The expansion of the scope of the light device due to the increase in light output, reduce the glare effect or action (indicators of glare and discomfort), reduce the phosphor consumption, increase reliability and manufacturability is the technical result due to the new principle of conversion of the primary radiation energy of an LED from phosphor particles or a mixture of phosphors deposited on the surface in an optically transparent binder, or introduced into the volume or in part of the volume of the optical and a transparent material of lenses (or multi-lenses), features of the new design of a light device with a remote phosphor (cascade or mixed - cascade and parallel installation of secondary lenses or multi-lenses), that is, the distinguishing features of the invention. Thus, the distinguishing features of the claimed light device are significant.

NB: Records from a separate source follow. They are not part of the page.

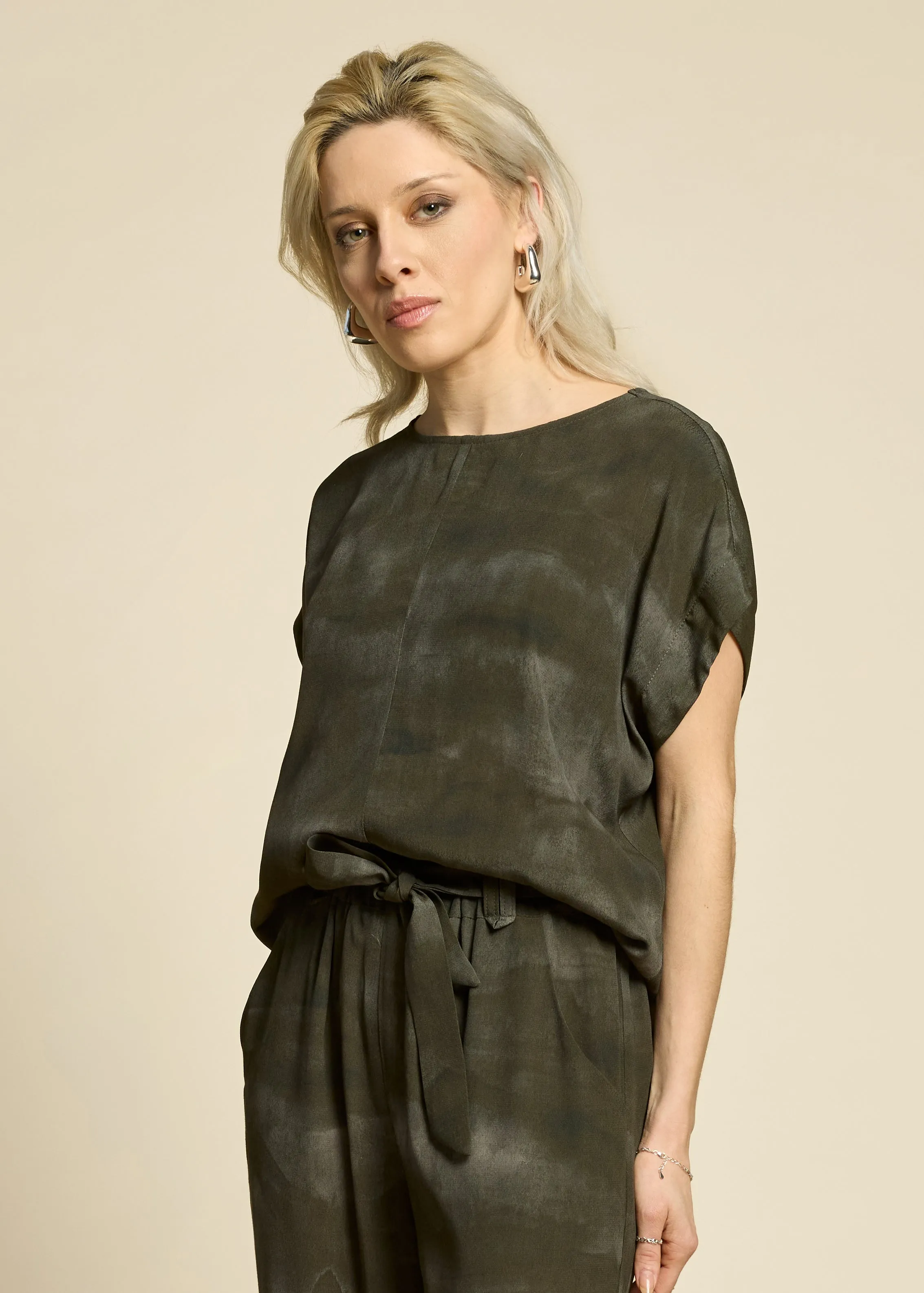 SILENCE Top - Olive Mist sold by Cokluch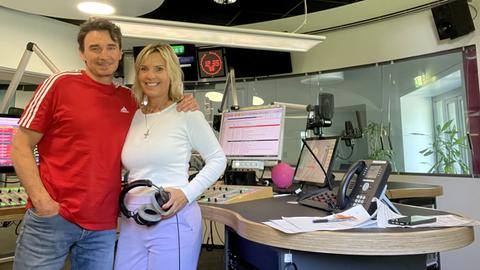 Uwe Becker und Britta Wiegand im Studio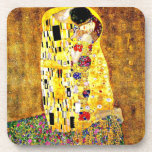 Porta-copo O Beijo de Gustav Klimt<br><div class="desc">A pintura de Beijo, belas artes pelo artista austríaco Gustav Klimt</div>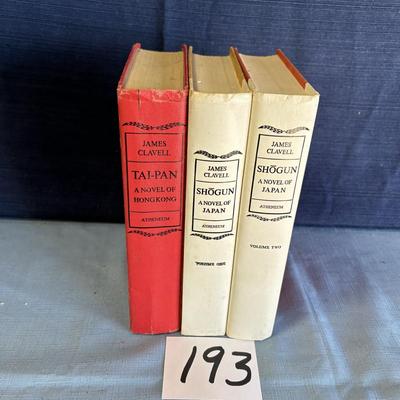 Vintage Tia-Pan and ShoGun Books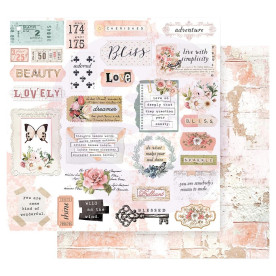 Скрап папір Deep Love - Apricot Honey, 30х30 см, Prima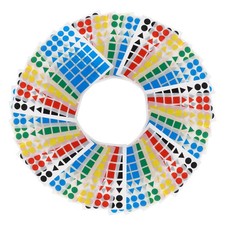 50 Fogli Adesivi Codificati a Colori Forma Fantasia Etichette Adesive Codifica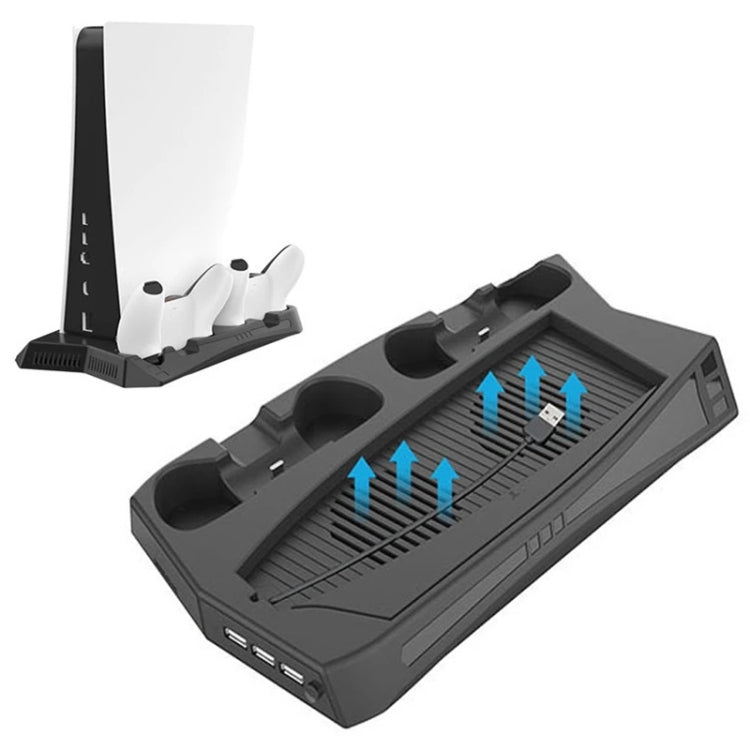 KJH P5-010 Vertical Charging Stand With Cooling Fan For PS5 De / UHD - Charger & Power by buy2fix | Online Shopping UK | buy2fix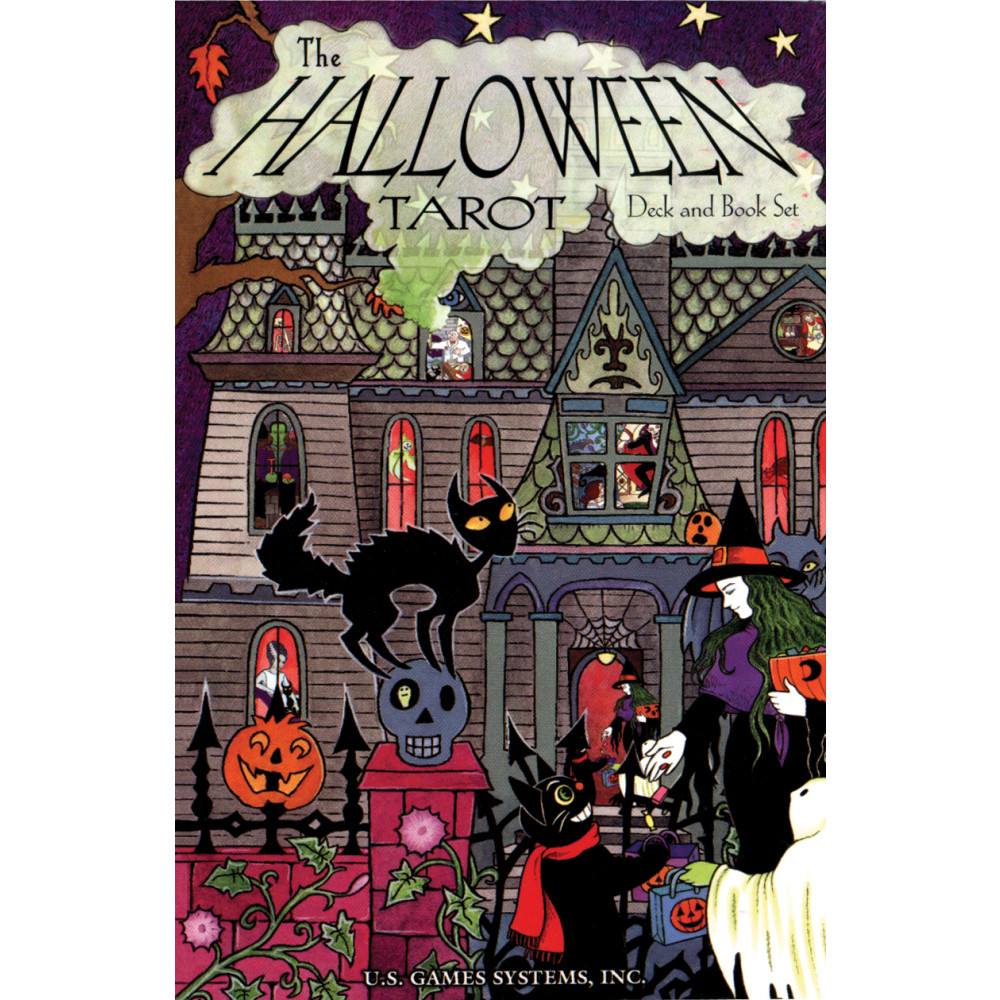 Produktbild för The Halloween Tarot Deck & Book Set: 78-Card Deck [With Book]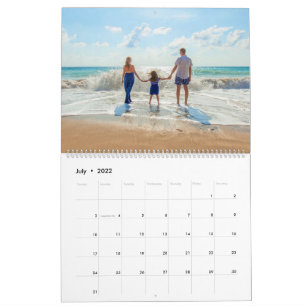 Calendario personalizado de fotos de personalizado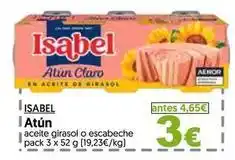 Hiper Usera Isabel - atun aceite girasol o escabeche oferta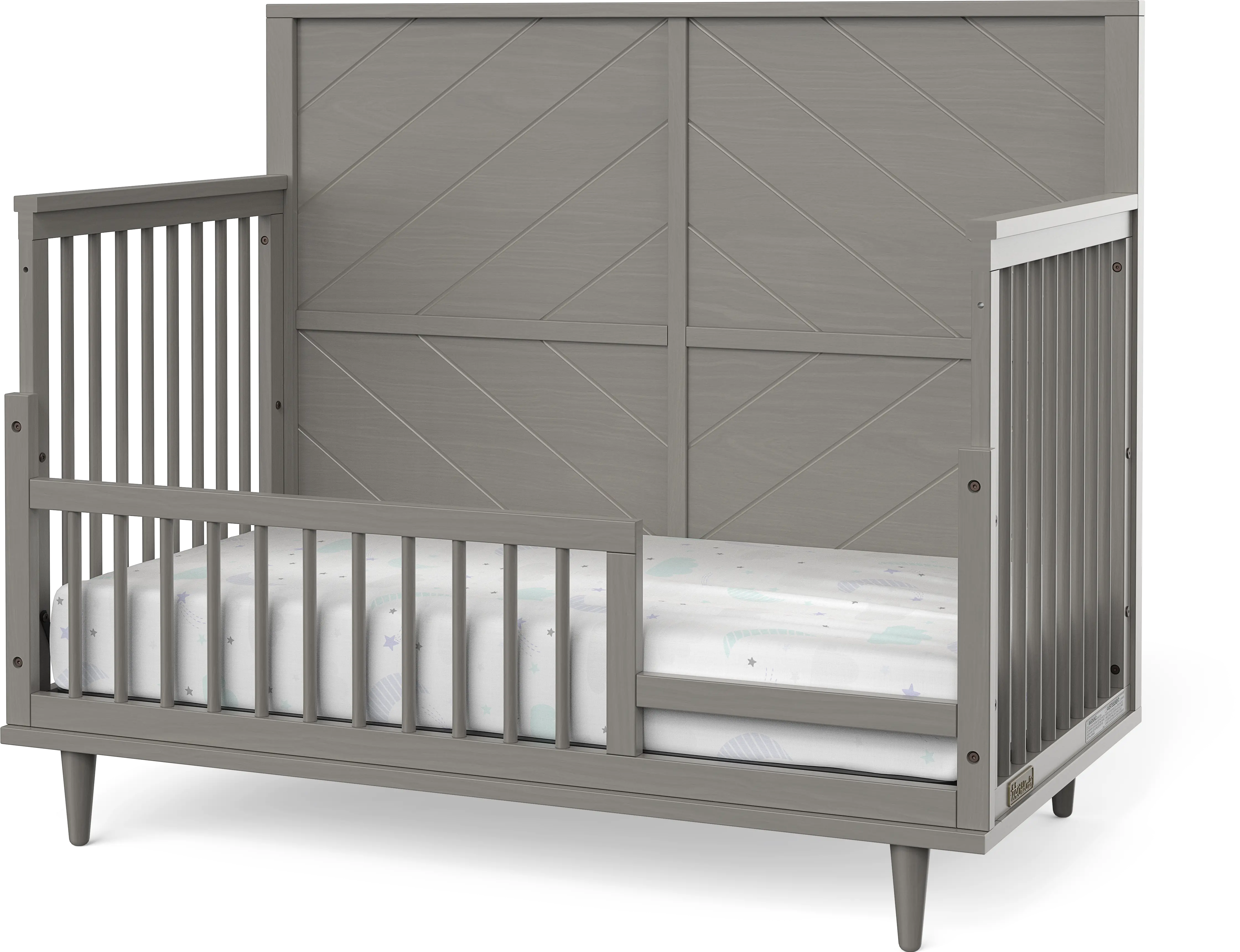 F09502.41 Lunar Gray Guard Rail for Surrey Hill & Cranbrook Cribs-3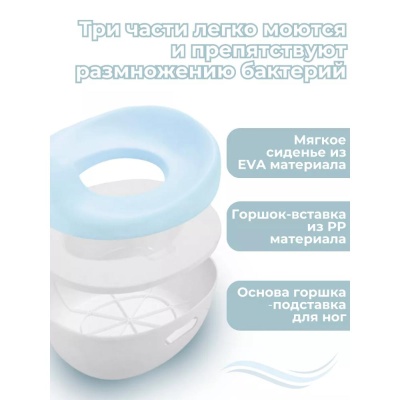 Горшок детский 3 в 1 Bubago Tempo BG 122-2 Голубой 05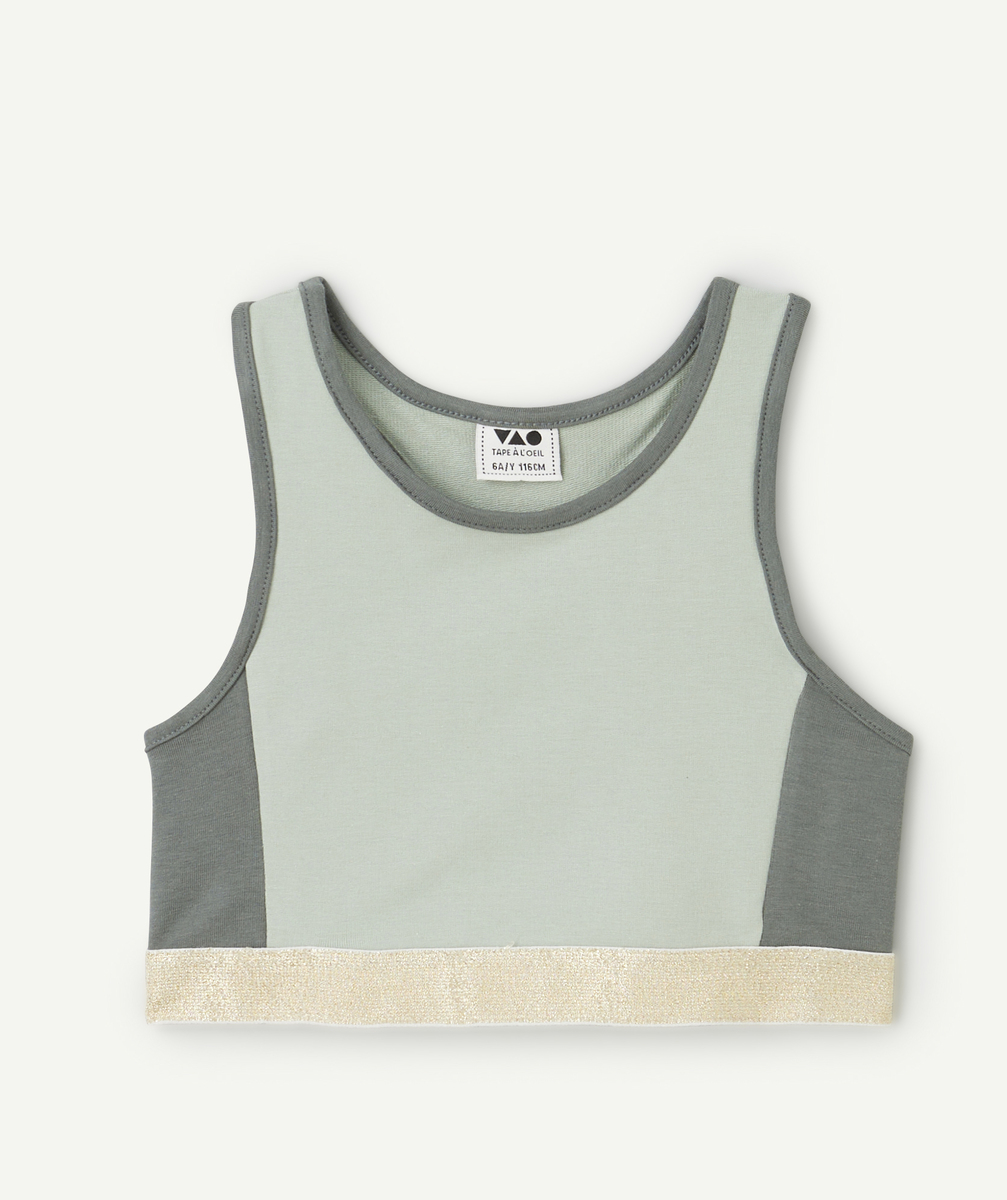 Brassière fille en viscose responsable kaki et vert - 5 A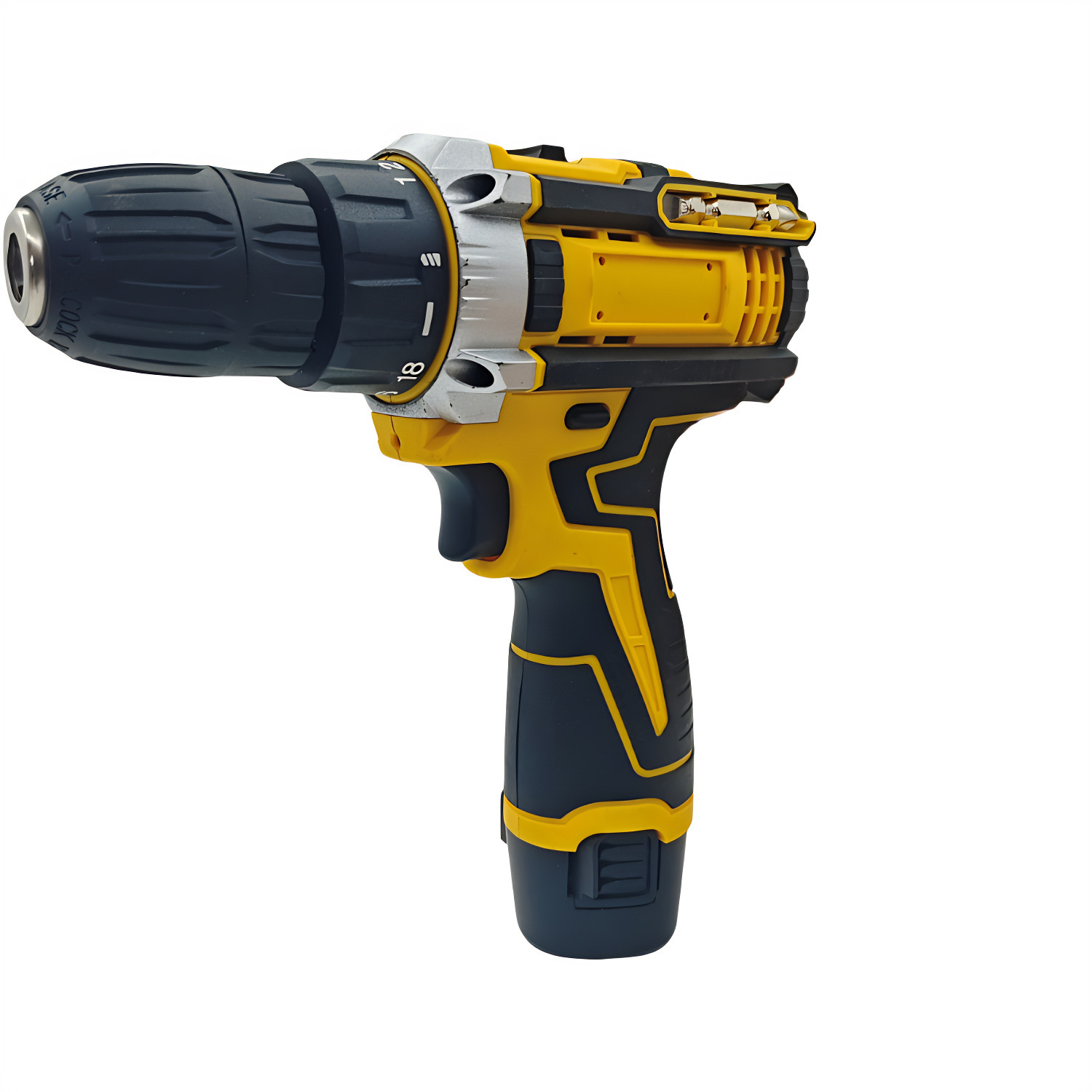 Herramientas eléctricas domésticas transfronterizas taladro de impacto de litio eléctrico de alto rendimiento taladro eléctrico de grado industrial taladro de mano multifuncional carga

The figure shows a typical design of the inventive lighting device for the case of performing with cascade installation of secondary lenses and placing particles of a phosphor or a mixture of phosphors in a layer of optically transparent binder material.

The light device contains one or more LEDs 1, or one or more LED arrays for the formation of light flux emitting in the ultraviolet or blue spectral regions of the optical range, and two or more secondary remote lenses 2, or multi-lenses for controlling the light flux installed in cascade or cascade and in parallel in the direction of the optical axis of emission of the LED or several LEDs, or one or more LED arrays, to the surface or to a part of the surface in the optical rozrachnom binder, or directly into the volume of the volume or lens or multi-lens administered phosphor particles 3 or a mixture of phosphors that convert radiation LEDs or LED arrays in the missing parts of the radiation spectrum in the visible range of wavelengths or desired.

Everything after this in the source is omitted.